Theirs was the classic boy-meets-girl story in a fast-tracked Cretaceous-era courtship as the final epoch of the Mesozoic age drew to a close. Aroara was what Snarler took to calling her, and it wasn’t long after, when in true Discovery Channel form, two scrappy offspring, Ferocity and Clawdette, were chipping their way through eggshells to join the family.

By this time the supercontinent Pangea had split into Laurasia and Gondwanaland which were further subdividing into the smaller continents we know today. There was volcanic activity, pushing up mountains where open space had been before. Inland seas were on the rise, submerging the tropical vegetation vital for the plant-eating dinosaurs upon which Snarler and his family fed. Day by day, year by year, the climate turned dryer and colder. 

The herds of crested Hadrosaur and long-necked Diplodocus moved on, leaving scarcely any prey in Snarler’s territory. Hungry and desperate, he had no choice but to trek far beyond his usual hunting grounds, only to be set upon by an equally hungry Spinosaurus. Although he threw off the sail-backed monster’s attack and managed to escape, it took the injured T. Rex days to limp painfully back to the safety of the family den.

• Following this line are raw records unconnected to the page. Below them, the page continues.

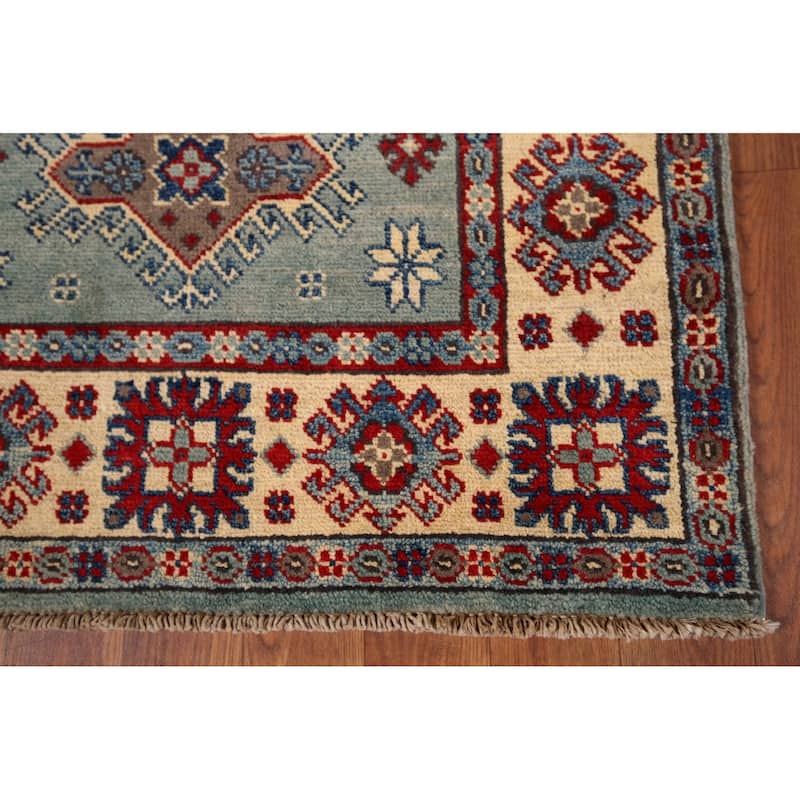 Light Blue Geometric Kazak Accent Rug Hand-Knotted Wool Carpet - 2'7" x 4'3"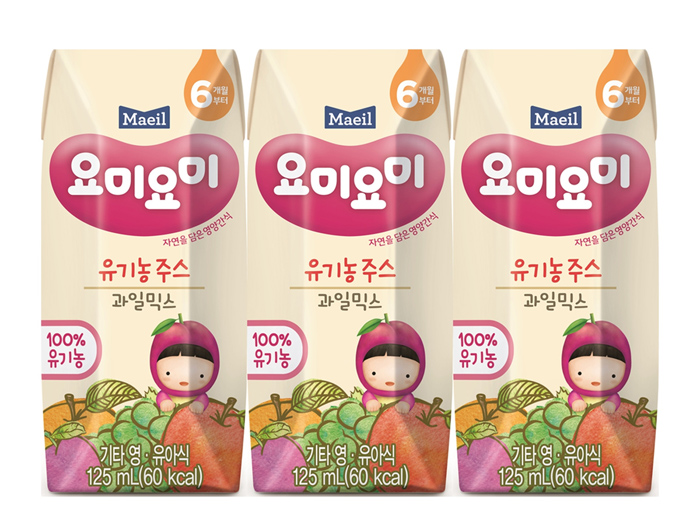 Nước ép Organic Yummy Yummy vị hoa quả 6M (125ml) 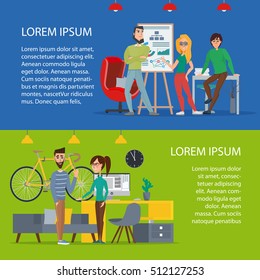 Business characters scene. Teamwork in modern business office. Cartoon poster vector illustration. Banners set for your web design in business style. Template for your text.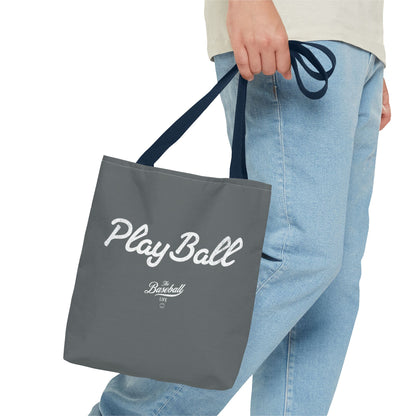 Play Ball Tote Bag_Dark Gray with White Print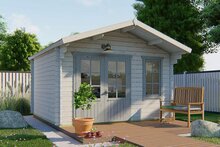 Blokhut Ulrik 380x380 cm + luifel 70 cm - Tuinhuis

Aroara licked his wounds and while he rested, she took to what remained of the conifer forests and marshy lowlands to resume the hunt. The scent of the Diplodocus and Hadrosaur eluded her, however. The ravenous Spinosaurus that wounded Snarler had frightened off the last of them. She had to settle instead, for the tough and spiny Nodosaur she came upon at the diminished water hole late that afternoon.

She brought home what she could from the kill, and the Tyrannosaurus family feasted. In appreciation, Snarler belched and waggled his tail a bit. Ferocity playfully nipped at the nape of his neck while Clawdette nuzzled up to him. With full tummies for the first time in weeks, the three were asleep before sunset. Drowsily, Aroara watched the purple shadows stretch across the walls of the cave and the daylight dwindle into darkness. Then, she too fell fast asleep.

A low rumble broke the stillness of the dawn. The sheltering granite cliffs shook for a few seconds and then were still. Pebbles rattled down onto the floor of the cave. The ground shook again, harder this time, and Aroara and her family were jolted awake by the rumbling tremors signaling the approach of another massive object from deep space.

Smashing to earth, the solid rock under their feet shuddered violently. More stones broke loose and came flying down. Terrified, Aroara scooped up Ferocity and Clawdette and hauled them out into the chill morning air. Snarler struggled to his feet, dodged the falling boulders and scrambled after them. 

Wind streaked the morning sky with thick gray clouds growing larger by the minute. Soon, they would completely enshroud the planet. The Tyrannosaurs staggered around blindly in the confusion. Then, with a horrible wrenching crack! –the ground before them split open and collapsed, separating Aroara from her babies. She leaped across the trembling chasm to join them, but could only watch helplessly while Snarler was swallowed up by the convulsing earth.

Years later, when the sun feebly penetrated the thick clouds of dust and volcanic ash, it illuminated a dim world of ice and howling winds. Other creatures managed to survive the cataclysm and adapted to the planet’s altered climate. Some were even close relatives of the dinosaurs; the amphibians, the reptiles and the giant flightless birds like Diatryma. But the ones best able to cope were the mammals; warm-blooded, fur-bearing animals like the shaggy musk-ox, the mammoth and the knobby-horned Uintatherium. Later came the Humans, creatures who learned to communicate and passed on their rudimentary language of guttural growls and grunts to subsequent generations who improved on it. 

Most archaeologists contended the hand-painted images left in their rocky cave dwelling interiors were the first recorded history. But Dr. Chelsey Bonesteel’s discovery of a communal hearth from the Pleistocene era challenged all that. She concluded these unusual pictoglyphs representing flames and animal parts were not a chronicle of some ancient forest fire, but were in fact, a primitive menu. Dr. Bonesteel had discovered the earliest known advertising. 

Fast forward sixty-five million years, and the humans have the run of the planet.